▶ **Problem requirements**: From the listing below, give again exactly the lines from the line with "Digital Resume Management" to the line with "Portrait of female student holding files.", ends included, without any pictures.

▶ **Extracted material**:
-----

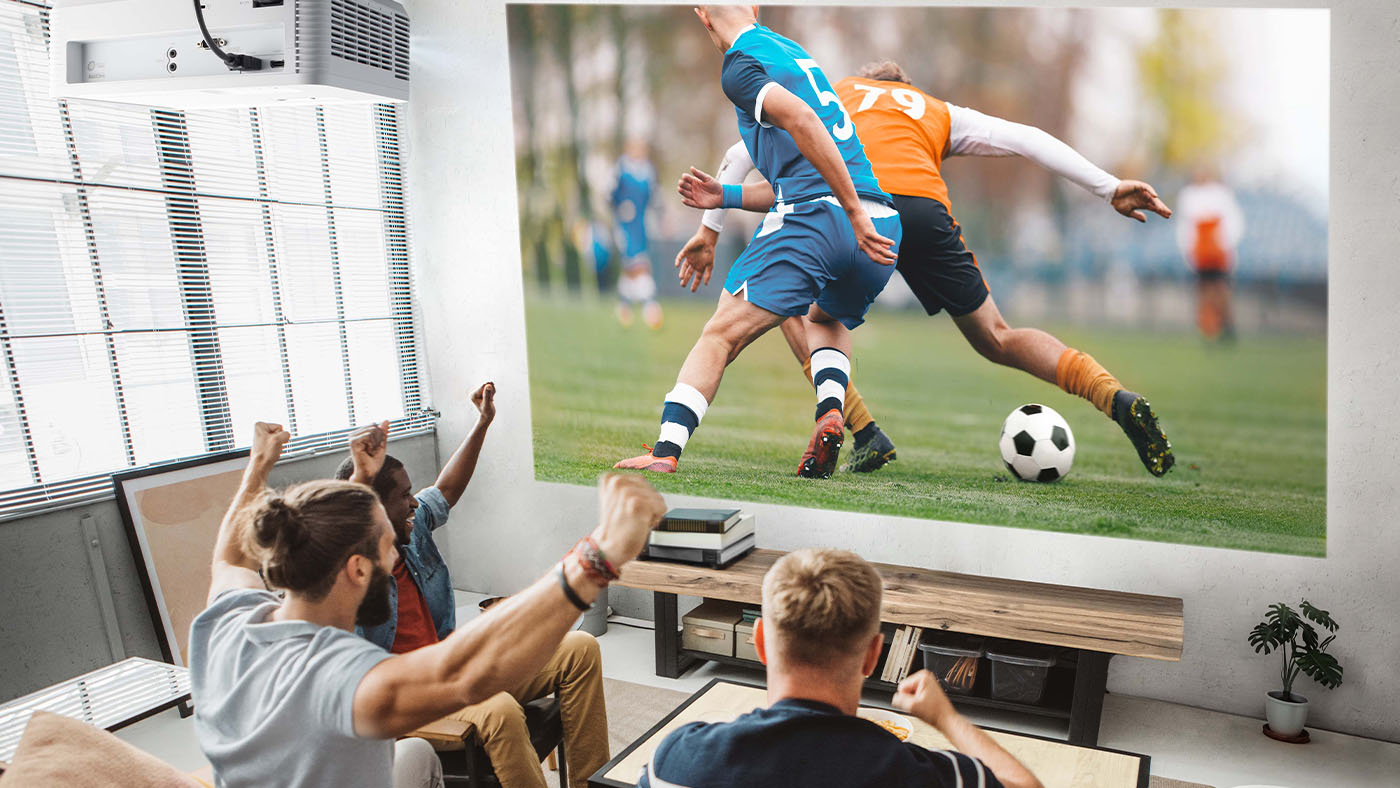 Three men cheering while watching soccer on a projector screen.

-----

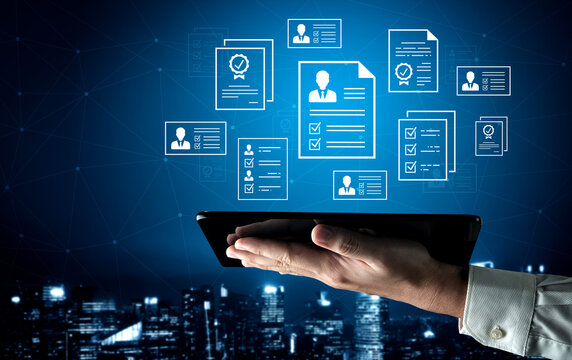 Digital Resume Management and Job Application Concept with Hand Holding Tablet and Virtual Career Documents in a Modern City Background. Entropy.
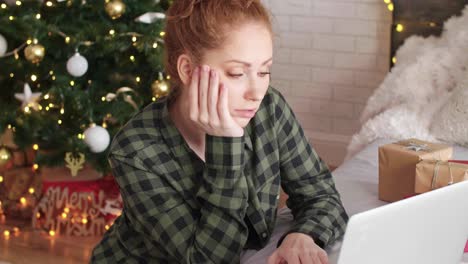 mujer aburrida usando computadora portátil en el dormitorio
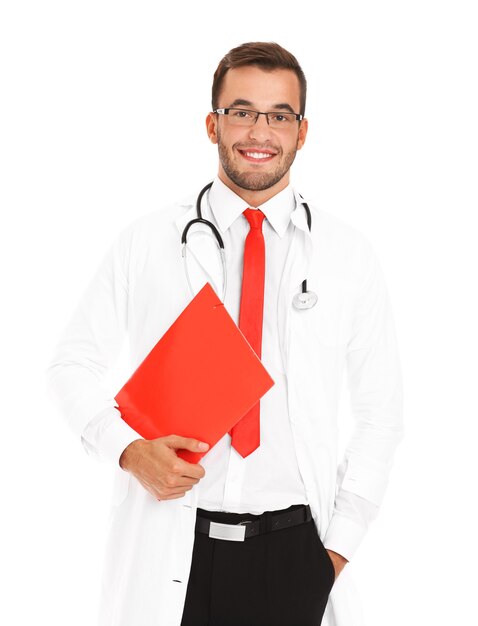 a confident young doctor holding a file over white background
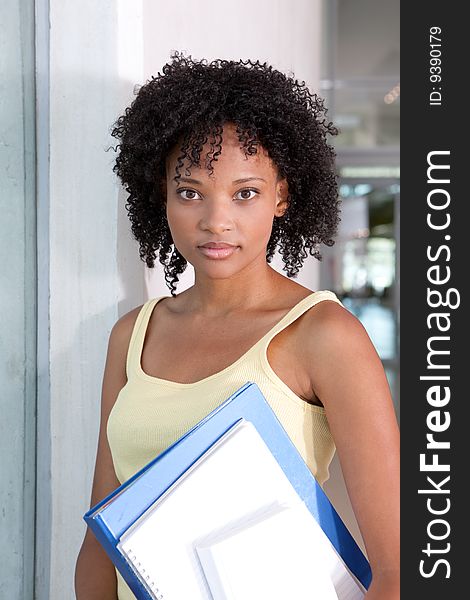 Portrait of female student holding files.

-----

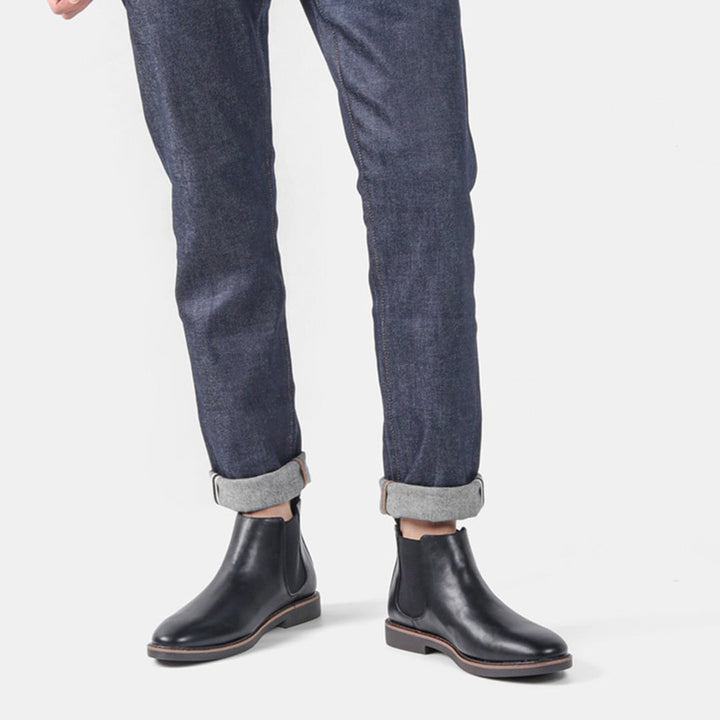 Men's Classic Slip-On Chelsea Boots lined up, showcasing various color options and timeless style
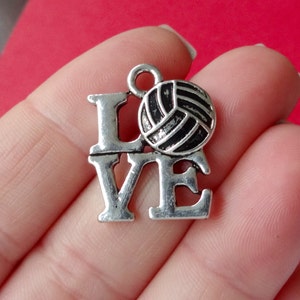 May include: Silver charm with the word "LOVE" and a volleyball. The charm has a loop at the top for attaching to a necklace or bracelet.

-----

▶ **Completed exercise**:
 Digital Resume Management and Job Application Concept with Hand Holding Tablet and Virtual Career Documents in a Modern City Background. Entropy.
 mujer aburrida usando computadora portátil en el dormitorio
 a confident young doctor holding a file over white background
 Portrait of female student holding files.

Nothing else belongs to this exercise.